- Supplied data
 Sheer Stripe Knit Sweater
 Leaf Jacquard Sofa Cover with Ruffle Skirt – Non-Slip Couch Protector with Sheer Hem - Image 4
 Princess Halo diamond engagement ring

- What the task asks
Please tally the lines of the data in which the string "Sheer" appears and write only the total.

- Exercise answer
2